The Tories want our children to be proud of Britain's imperial past. When right-wing colonial historian Niall Ferguson told the Hay Festival last weekend that he would like to revise the school history curriculum to include "the rise of western domination of the world" as the "big story" of the last 500 years, Education Secretary Michael Gove leapt to his feet to praise Ferguson's "exciting" ideas - and offer him the job.

Ferguson is a poster-boy for big stories about big empire, his books and broadcasting weaving Boys' Own-style tales about the British charging into the jungle and jolly well sorting out the natives. The Independent's Johann Hari, in his capacity as young bloodhound of the liberal left, sniffed out Ferguson's suspicious narrative of European cultural supremacy in a series of articles in 2006, calling him "a court historian for the imperial American hard right," as Harvard-based Ferguson believes that the success of the British Empire should be considered a model for US foreign policy....

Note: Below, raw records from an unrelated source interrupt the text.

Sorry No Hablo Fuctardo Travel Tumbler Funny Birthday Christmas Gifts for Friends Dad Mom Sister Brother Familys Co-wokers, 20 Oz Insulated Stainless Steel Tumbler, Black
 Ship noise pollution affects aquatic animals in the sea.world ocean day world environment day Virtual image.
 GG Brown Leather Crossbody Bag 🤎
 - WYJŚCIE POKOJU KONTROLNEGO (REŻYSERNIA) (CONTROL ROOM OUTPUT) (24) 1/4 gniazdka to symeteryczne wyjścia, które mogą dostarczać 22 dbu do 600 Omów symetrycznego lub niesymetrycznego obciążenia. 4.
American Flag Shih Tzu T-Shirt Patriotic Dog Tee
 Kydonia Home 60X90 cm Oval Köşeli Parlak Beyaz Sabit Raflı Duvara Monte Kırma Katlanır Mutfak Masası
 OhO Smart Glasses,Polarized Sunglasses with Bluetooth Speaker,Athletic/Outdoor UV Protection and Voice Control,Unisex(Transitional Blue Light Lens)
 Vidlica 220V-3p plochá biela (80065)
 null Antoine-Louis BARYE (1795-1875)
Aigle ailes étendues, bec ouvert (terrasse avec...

What should shock about these appointments is not just the suspect opinions of...Ferguson, but the fact that the Tories have fundamentally misunderstood the entire purpose of history. History, properly taught, should lead young people to question and challenge their cultural inheritance rather than simply 'celebrating' it. "Studying the empire is important, because it is an international story, but we have to look at it from the perspective of those who were colonised as well as from the British perspective," said historian and political biographer Dr Anthony Seldon, who is also Master of Wellington College. "We live in an interconnected word, and to one has to balance learning about british history with learning about other cultures."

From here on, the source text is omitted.